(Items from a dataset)
╭──
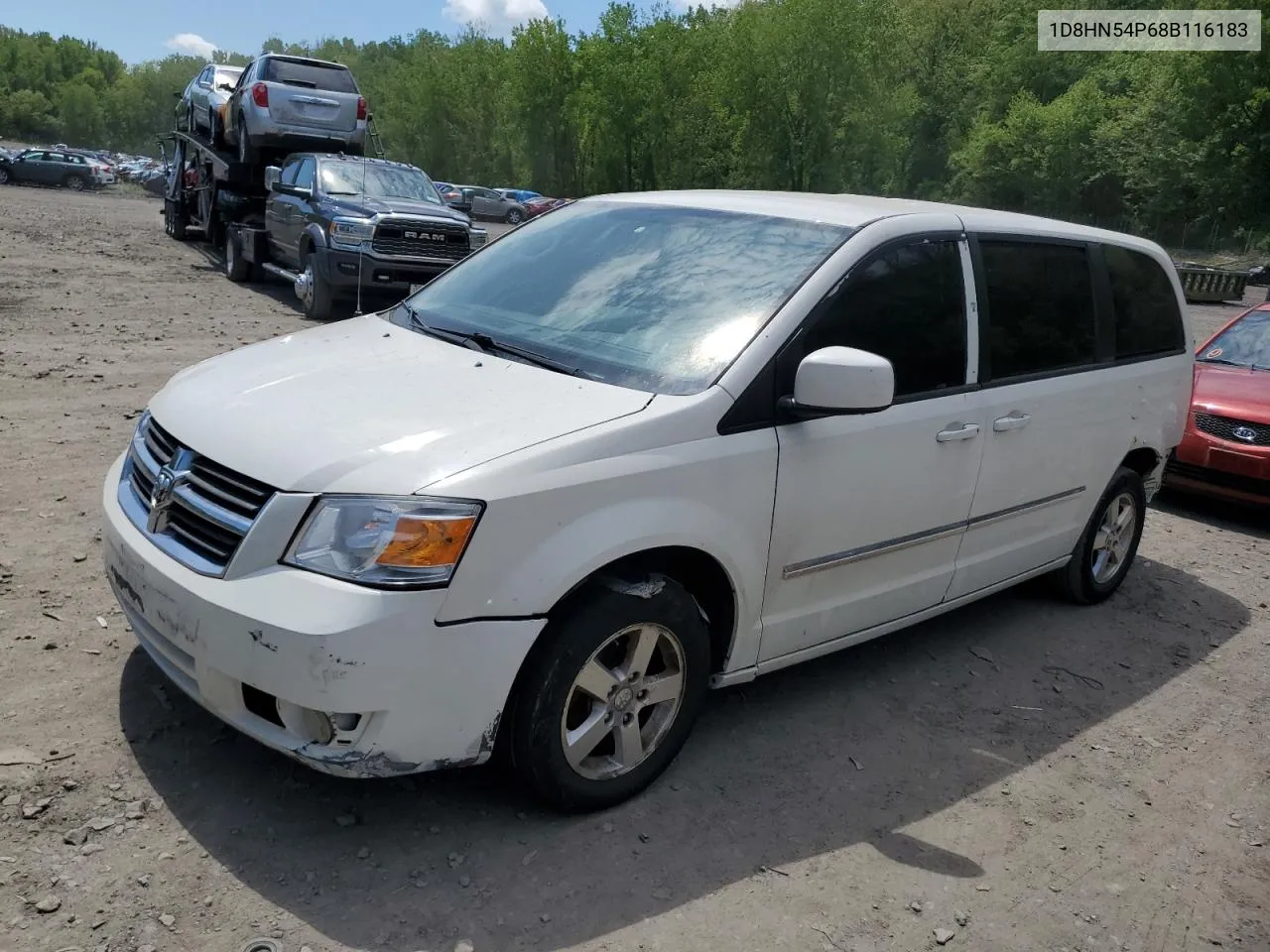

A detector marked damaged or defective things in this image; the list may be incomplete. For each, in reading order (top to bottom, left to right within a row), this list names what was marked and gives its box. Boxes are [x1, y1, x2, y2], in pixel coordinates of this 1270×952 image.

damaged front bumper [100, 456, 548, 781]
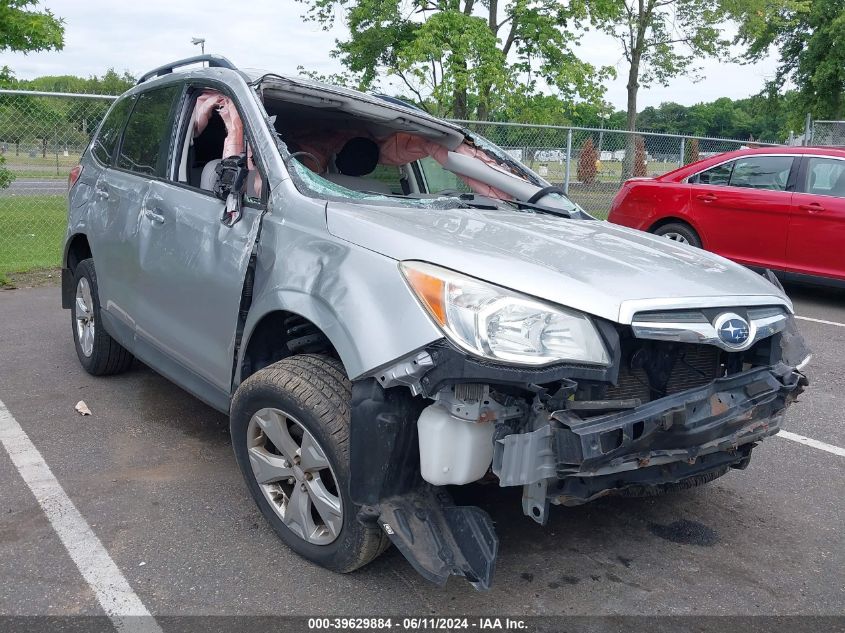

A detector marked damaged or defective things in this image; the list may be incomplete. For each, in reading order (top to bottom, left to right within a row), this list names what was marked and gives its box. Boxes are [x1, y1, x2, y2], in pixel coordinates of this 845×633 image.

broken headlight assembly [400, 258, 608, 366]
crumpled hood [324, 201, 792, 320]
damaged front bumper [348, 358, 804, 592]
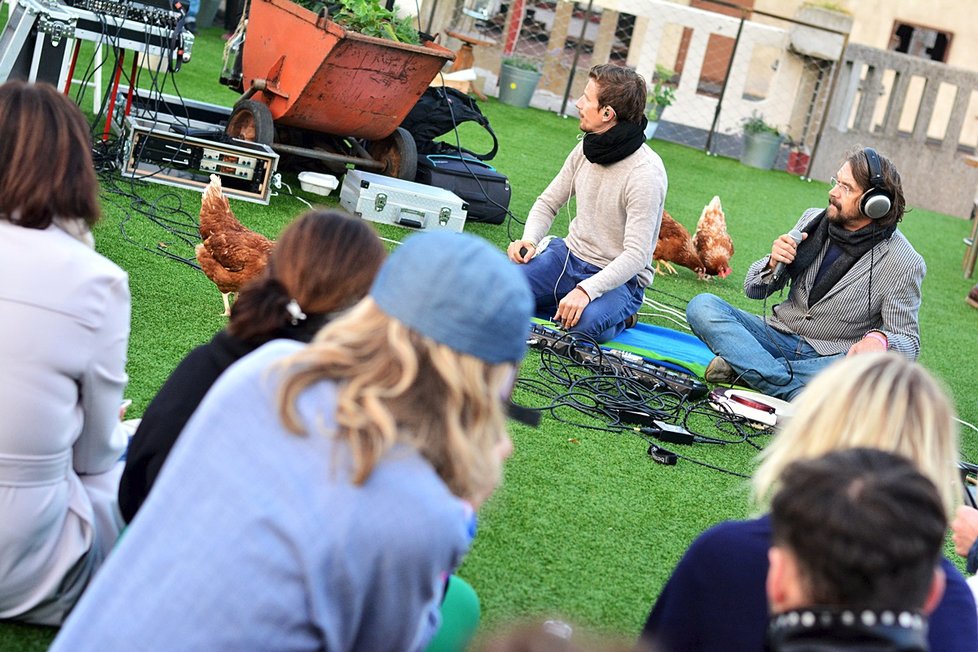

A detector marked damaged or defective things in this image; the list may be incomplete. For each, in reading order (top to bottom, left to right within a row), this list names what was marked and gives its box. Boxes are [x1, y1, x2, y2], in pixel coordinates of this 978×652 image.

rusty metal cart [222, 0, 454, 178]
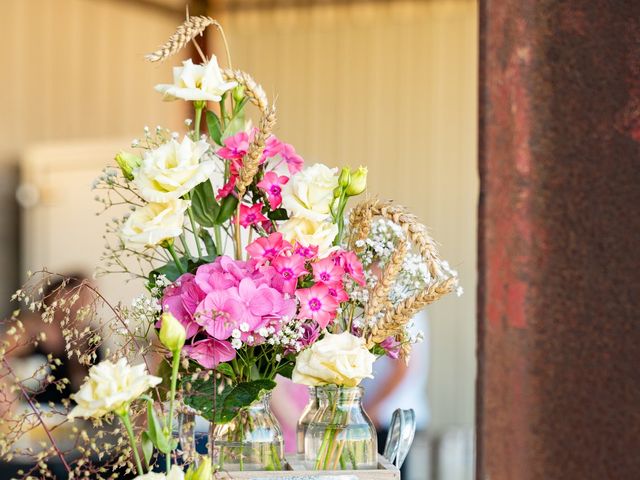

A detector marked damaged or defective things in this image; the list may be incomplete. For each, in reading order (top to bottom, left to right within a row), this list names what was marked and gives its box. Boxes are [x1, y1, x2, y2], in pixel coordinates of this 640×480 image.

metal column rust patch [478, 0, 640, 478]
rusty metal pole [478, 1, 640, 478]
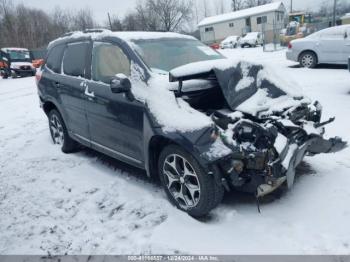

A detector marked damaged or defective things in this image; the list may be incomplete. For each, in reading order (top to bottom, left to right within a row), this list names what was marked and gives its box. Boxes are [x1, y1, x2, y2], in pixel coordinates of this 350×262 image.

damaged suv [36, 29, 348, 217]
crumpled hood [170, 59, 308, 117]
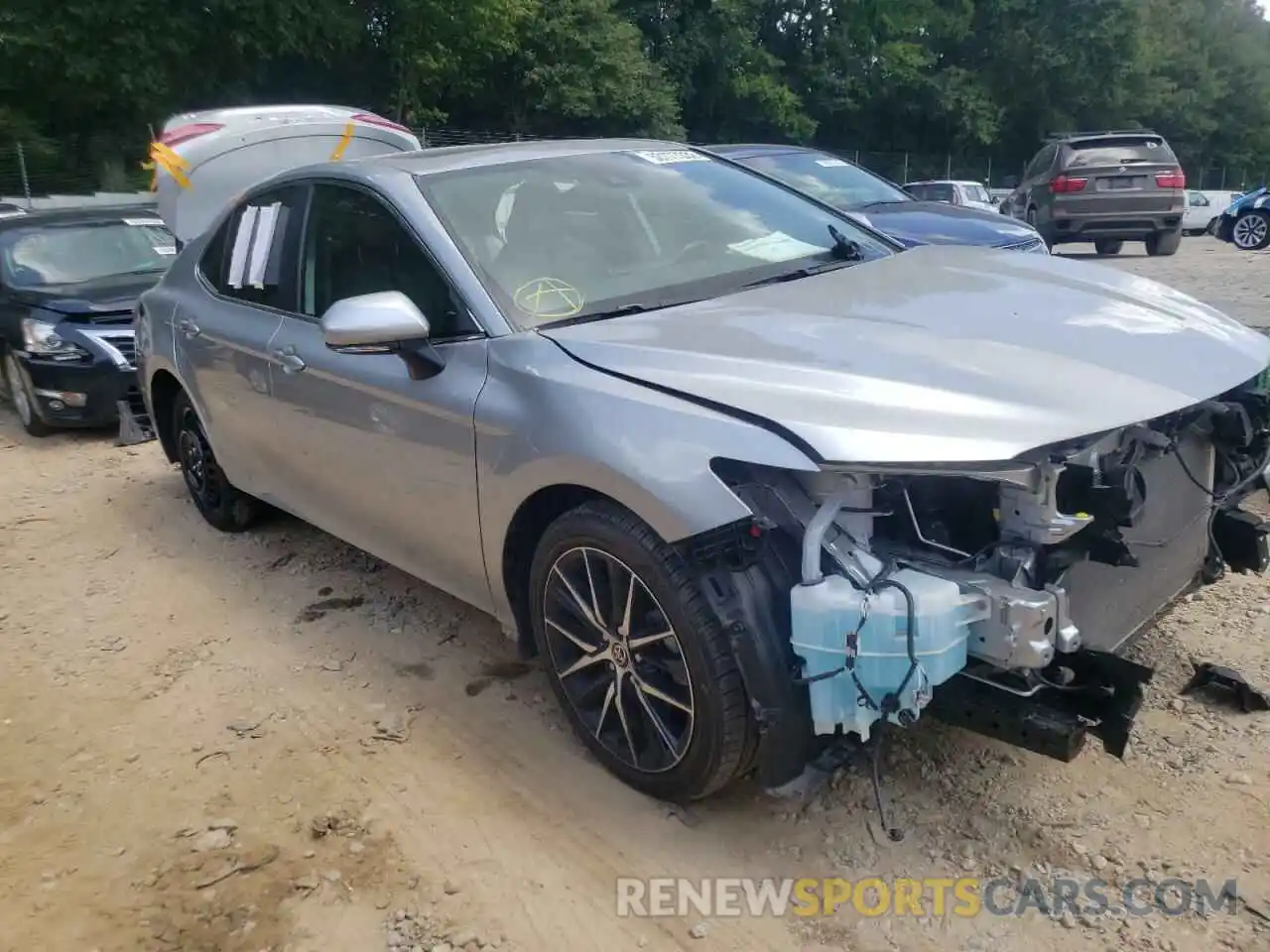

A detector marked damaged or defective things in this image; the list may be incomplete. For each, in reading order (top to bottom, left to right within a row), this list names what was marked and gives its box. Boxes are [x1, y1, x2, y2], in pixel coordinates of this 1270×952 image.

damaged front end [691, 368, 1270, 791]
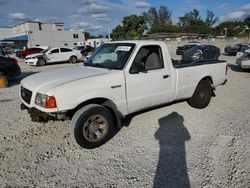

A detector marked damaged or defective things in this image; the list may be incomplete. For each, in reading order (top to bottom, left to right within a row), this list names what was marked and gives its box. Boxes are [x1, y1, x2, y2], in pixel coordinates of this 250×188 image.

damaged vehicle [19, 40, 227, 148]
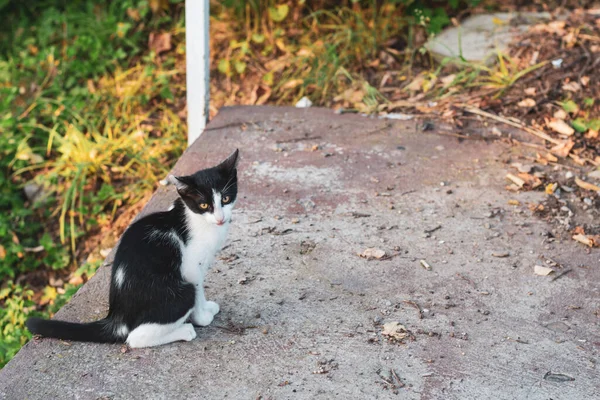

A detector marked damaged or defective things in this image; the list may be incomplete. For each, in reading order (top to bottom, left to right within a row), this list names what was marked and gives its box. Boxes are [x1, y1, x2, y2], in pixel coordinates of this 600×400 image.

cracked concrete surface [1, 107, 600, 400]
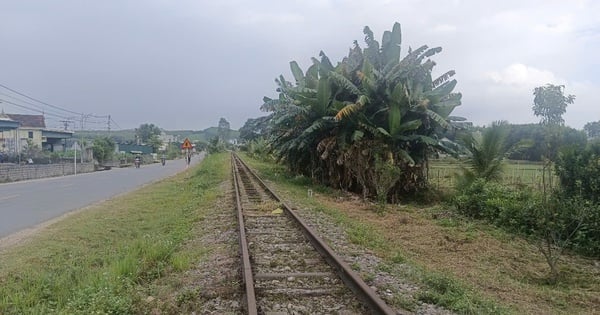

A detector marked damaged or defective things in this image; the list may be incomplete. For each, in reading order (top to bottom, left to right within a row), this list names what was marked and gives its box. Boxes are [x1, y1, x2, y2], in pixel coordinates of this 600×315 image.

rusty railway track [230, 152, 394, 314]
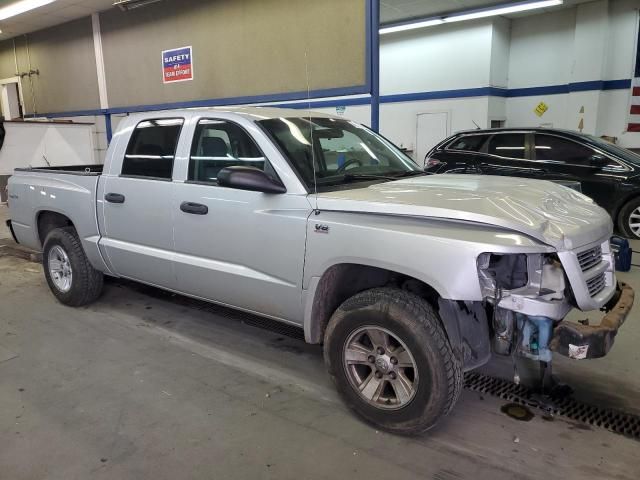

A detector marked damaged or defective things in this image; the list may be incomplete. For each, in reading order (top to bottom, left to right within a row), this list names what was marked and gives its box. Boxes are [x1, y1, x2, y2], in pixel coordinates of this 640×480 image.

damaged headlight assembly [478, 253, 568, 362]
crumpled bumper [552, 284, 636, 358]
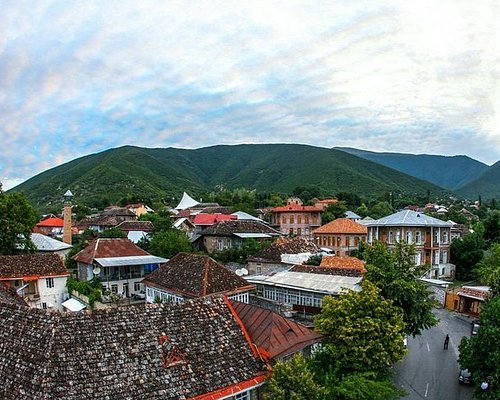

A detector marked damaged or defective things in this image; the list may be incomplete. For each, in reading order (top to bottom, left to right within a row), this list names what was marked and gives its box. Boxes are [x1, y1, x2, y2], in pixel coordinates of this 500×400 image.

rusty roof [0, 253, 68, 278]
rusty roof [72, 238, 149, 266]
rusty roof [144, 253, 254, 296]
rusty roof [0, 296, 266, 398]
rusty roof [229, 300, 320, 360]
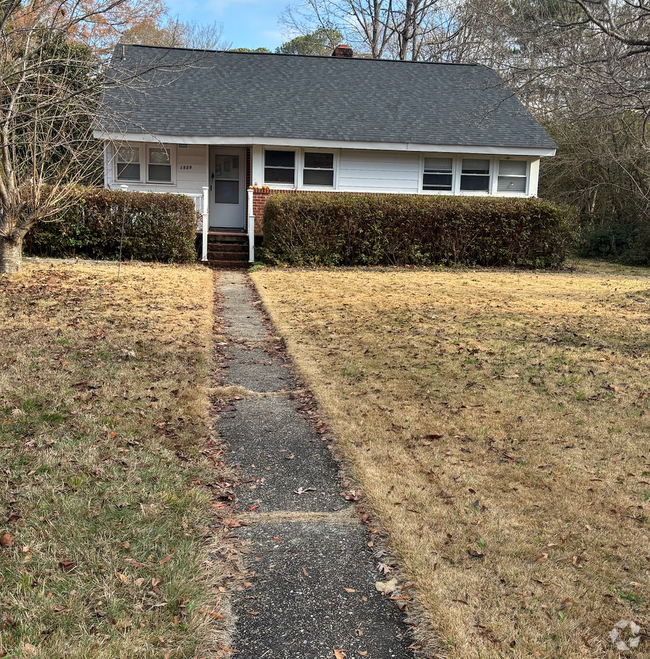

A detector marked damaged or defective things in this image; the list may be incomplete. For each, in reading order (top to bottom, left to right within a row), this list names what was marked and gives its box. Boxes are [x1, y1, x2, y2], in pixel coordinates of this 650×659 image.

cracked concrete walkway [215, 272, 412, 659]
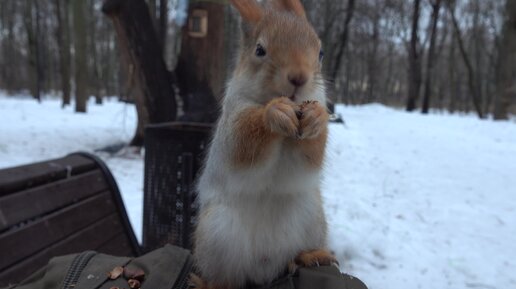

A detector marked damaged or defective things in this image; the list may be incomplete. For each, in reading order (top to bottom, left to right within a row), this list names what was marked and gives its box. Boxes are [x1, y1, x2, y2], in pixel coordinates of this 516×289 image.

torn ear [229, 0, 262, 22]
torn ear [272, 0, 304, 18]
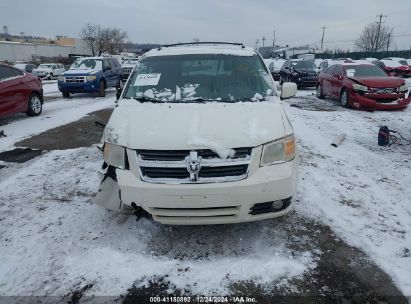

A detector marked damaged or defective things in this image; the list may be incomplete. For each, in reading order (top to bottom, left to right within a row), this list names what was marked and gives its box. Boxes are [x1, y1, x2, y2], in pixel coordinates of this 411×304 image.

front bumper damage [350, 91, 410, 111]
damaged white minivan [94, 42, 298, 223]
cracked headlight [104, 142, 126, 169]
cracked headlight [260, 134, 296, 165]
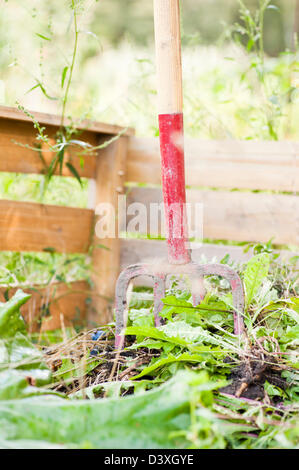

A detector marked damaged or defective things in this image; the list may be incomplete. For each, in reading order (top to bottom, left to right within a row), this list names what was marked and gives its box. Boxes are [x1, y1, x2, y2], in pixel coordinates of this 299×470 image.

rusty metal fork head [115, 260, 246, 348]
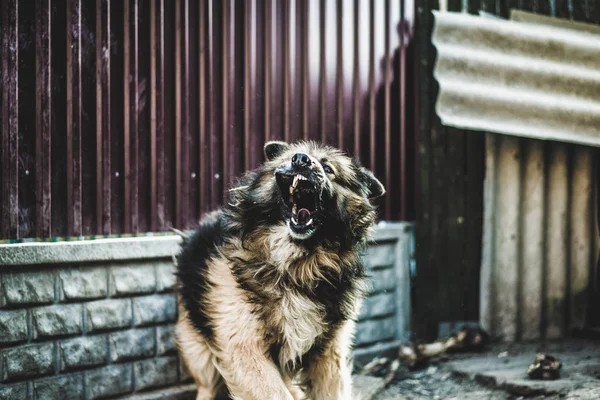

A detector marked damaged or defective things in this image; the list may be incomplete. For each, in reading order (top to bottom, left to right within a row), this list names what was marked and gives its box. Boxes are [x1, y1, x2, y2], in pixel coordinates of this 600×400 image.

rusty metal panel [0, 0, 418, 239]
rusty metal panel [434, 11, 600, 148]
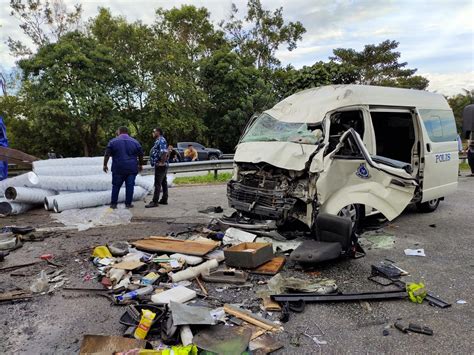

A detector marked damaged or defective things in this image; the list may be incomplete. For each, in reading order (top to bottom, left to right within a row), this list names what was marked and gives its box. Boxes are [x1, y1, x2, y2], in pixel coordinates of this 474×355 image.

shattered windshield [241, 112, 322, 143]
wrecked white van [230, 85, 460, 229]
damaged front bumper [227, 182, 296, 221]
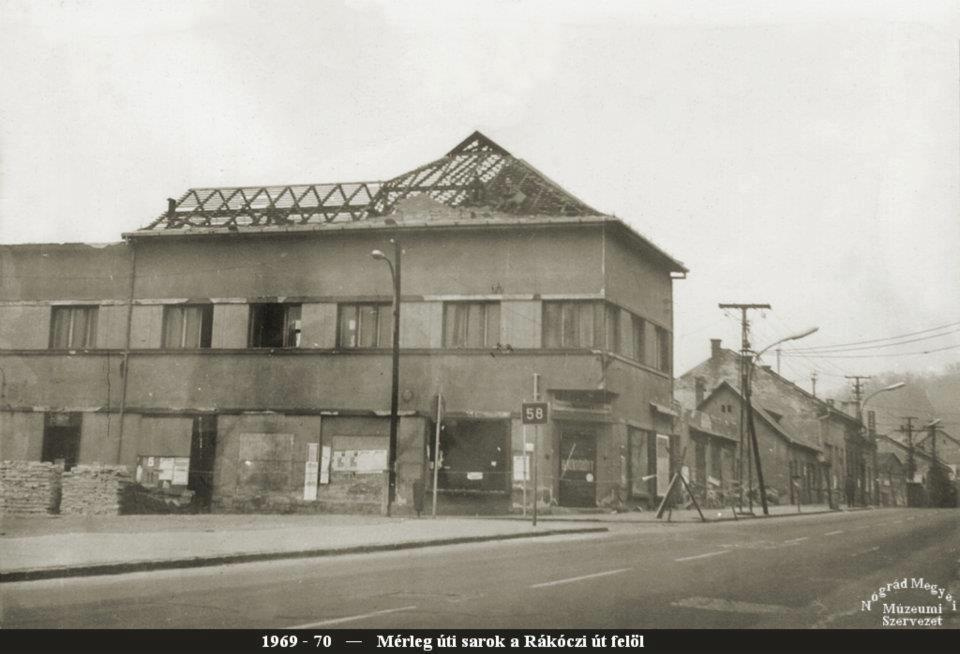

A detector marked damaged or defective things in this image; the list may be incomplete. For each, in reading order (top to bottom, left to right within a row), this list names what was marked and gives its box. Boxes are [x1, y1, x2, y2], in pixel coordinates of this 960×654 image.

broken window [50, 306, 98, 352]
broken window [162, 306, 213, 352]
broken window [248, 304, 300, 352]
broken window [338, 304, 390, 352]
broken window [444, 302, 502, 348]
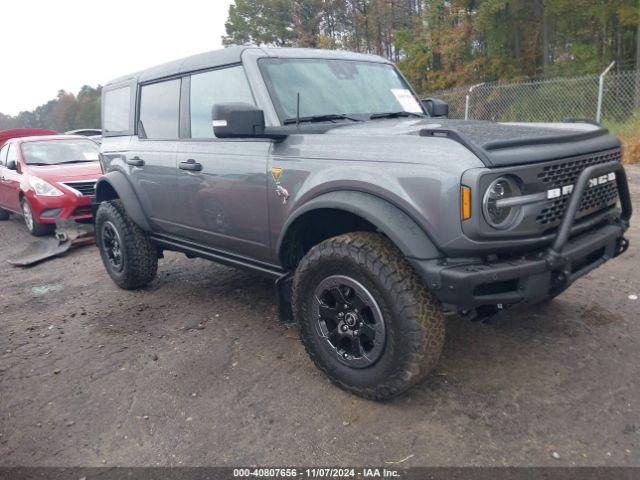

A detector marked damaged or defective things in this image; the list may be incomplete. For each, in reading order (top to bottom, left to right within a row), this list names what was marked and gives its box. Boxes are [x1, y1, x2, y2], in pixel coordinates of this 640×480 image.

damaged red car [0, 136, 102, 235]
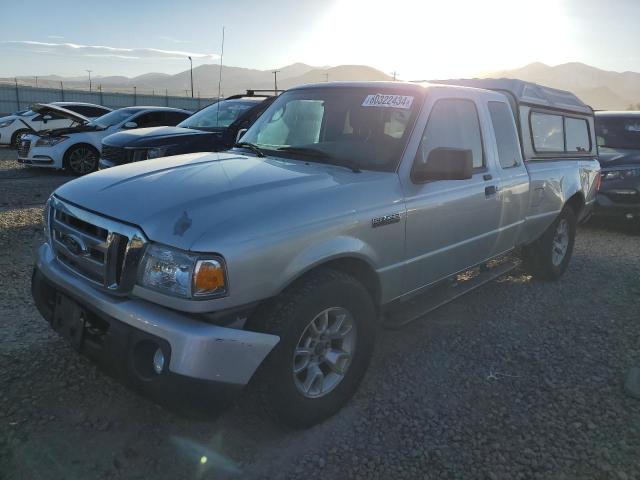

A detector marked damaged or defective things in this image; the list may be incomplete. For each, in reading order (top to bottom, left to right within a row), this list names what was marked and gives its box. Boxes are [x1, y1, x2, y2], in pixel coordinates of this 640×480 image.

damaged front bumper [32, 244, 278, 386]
╰──
Say again, word for word, every line from the one with "this 960×654 image." through the last line of the data above, minus the pictures.

A detector marked damaged or defective things in this image; the list may be incomplete. For each, in reading order (top to bottom, left to right within a row), this list names what was marked and gives its box. Boxes are [x1, y1, x2, y2], in pixel coordinates of this 960×654 image.

broken window [50, 306, 98, 352]
broken window [162, 306, 213, 352]
broken window [248, 304, 300, 352]
broken window [338, 304, 390, 352]
broken window [444, 302, 502, 348]

A detector marked damaged or defective things in this image; the list may be incomplete. For each, in reading order (top to bottom, left to right within a row), this list names what was marked and gives its box. Boxes are [x1, y1, x2, y2], in pixel coordinates of this 640×480 image.

damaged red car [0, 136, 102, 235]

A detector marked damaged or defective things in this image; the list may be incomplete. For each, in reading order (top to bottom, left to right within a row), this list names what was marked and gives its box. Boxes are [x1, y1, x2, y2], in pixel coordinates of this 640×480 image.

damaged front bumper [32, 244, 278, 386]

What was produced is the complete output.